So many things that could be done in a programatic, testable, declarative,
scriptable, repeatable way are done with futzy GUI tools in hardware land.
Schematic design _could_ be a matter of declaring components, buses, etc. and
letting the tool produce something (and then manually manipulate the visual
layout if necessary) ; I mean you could literally describe your board using
something similar to Verilog and get the tool to produce the schematic for
you... we have these kinds of powers in the 21st century -- Instead it's futz
with tools that are vaguely Illustrator-esque, find that half your connection
points are not actually connected, etc. Why do people want to suffer like
this?

Want to use a DRAM controller in Vivado? Find the wizard, enter into 10 text
boxes... and if you're lucky you can find the Tcl scripts it generated and in
the future just write your Tcl script... but they certainly won't make it
easy.

Vivado project in source control? You're going to jump through hoops for that.
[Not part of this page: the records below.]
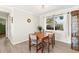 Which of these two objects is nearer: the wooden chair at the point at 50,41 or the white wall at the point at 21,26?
the white wall at the point at 21,26

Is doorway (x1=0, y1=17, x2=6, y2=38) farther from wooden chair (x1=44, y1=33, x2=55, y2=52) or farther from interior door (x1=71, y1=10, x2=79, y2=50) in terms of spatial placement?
interior door (x1=71, y1=10, x2=79, y2=50)

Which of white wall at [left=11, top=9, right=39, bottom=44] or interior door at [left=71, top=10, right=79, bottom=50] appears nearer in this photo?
white wall at [left=11, top=9, right=39, bottom=44]

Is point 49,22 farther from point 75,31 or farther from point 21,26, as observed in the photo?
point 75,31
I want hardware engineers to demand better.

------
lnsru
I am working right now on bare metal websockets implementation on Xilinx
Series 7 FPGAs. Currently it’s ZynQ SoC, but final product will probably have
Kintex 7 inside, so no Linux. The tools make me cry, no examples, application
notes from 2014 with ancient libraries. I hope, vendors will fix tooling. But
I see, Xilinx has released Vitis, so their scope is elsewhere, no interest in
old crap. Using Git with Vivado is already enough pain. So I keep my text
sources in Git and complete zipped projects as releases. Ouch!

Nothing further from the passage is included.